Rajiv Sabharwal is the chief solution architect in the Healthcare and Life Sciences unit at Infosys Technologies LTD. He can be reached at Rajiv_Sabharwal01@infosys.com.
On the surface it’s a very admirable goal. Restrict your administrative overhead to 15 percent by making the organization more efficient and hence reduce the overall cost of care. Not bad. But when I start thinking about it a bit more, certain flaws in the logic emerge that could render the whole mandate impotent.
The success or failure of any mandate hinges on the incentives and penalties associated with it. In the case of the MLR, there doesn’t seem to be much of an incentive, but the penalty is pretty drastic: i.e., reimbursing members the difference between 85% percent and the actual spend on the MLR via monthly reimbursement checks. Basically, if a payer can’t maintain the 85 percent MLR and is sitting at somewhere around 83%, the payer will be required to distribute reimbursement checks for 2 percent (the differential) of the premiums they collected.
Also, payers can’t combine different lines of businesses and other corporate entities to calculate overall MLR. Doing so would have enabled payers to consolidate some efficient and some not-so-efficient units together in order to protect themselves from MLR-related penalties.

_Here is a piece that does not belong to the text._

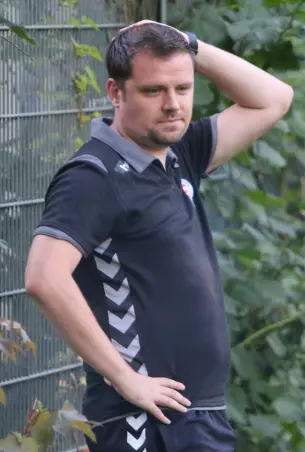 Trainer Mario Schacht würde mit Egenbüttel II<br>bei einem Wechsel in die Kreisliga 7 nicht nur<br>Kilometer sparen, sondern auch seine Ex-Klubs<br>SV Eidelstedt und SV Lurup wiedertreffen.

Let’s take an example (I promise you, it will get a bit complicated, so please bear with me) to try to figure this out. Industry research indicates the average payer is sitting at somewhere around 78 percent of MLR. But for the sake of example let’s put one at 80 percent. That means the payer spends $80 for every $100 it takes in premiums on the reimbursement for medical costs, and around $20 on administrative costs, including the cost of sale (such as brokerage fees), salaries, I.T. systems and infrastructure support, profits, etc.
Category |
Dollar |
% of premium collection |
Premium | 100 | 100% |
MLR | 80 | 80% |
ALR | 20 | 20% |
Now to bring the MLR up to 85 percent, there are two things a payer could do,
1. Reduce the overall premium revenue by $5.89, so that the $80 being spent on the MLR side will represent 85 percent of overall premiums.
Category |
Dollar |
% of premium collection |
Premium | 94.11 | 100% |
MLR | 80 | 85% |
ALR | 14.11 | 15% |
2. Maintain the premium dollars but redirect an additional $5 from the administrative loss ratio (ALR) costs to MLR costs, thereby increasing the reimbursements being made to providers.
Category |
Dollar |
% of premium collection |
Premium | 100 | 100% |
MLR | 85 | 85% |
ALR | 15 | 15% |
In the first scenario, the positive is that the premium is going down and hence the consumers (employers and employees) are benefitting. The downside is the cost of actual health delivery has not been reduced, i.e., providers are still not incentivized/penalized for redundant or non-standardized procedures. This means the inherent ills of the health care delivery are not being resolved, just a pseudo-reduction is being achieved through tightening the belt on the payer side.
Under the second scenario, it’s even worse. Instead of striving to penalize the providers for non-performance, we are actually incentivizing them to increase the reimbursement by 6.25 percent.
Under both the scenarios, once the required balance (85/15 ratio) is achieved, the payer would not be interested in reducing the cost of care any further by focusing more on preventive rather than curative routes. Why? Because for every 1 percent you cut from the MLR, you have to cut the equivalent amount in the ALR in order to maintain an 85/15 ratio. After already been squeezed by the initial shift from ALR to MLR to achieve the 85/15 ratio, the payer wouldn’t want to reduce the ALR any further hence would have no incentive to reduce the MLR (since an equivalent cut in ALR will be required). This will lead to a situation where payers see reduction in the MLR as a penalty rather than an incentive, and wouldn’t try to reduce it. Providers wouldn’t care about standardizing care delivery and the consumer part of health reform will continue down the current path, with no improvement whatsoever.
So, unless somebody explains to me another path of logic, I’ll continue to believe that the MLR mandate is actually going to do more harm than good.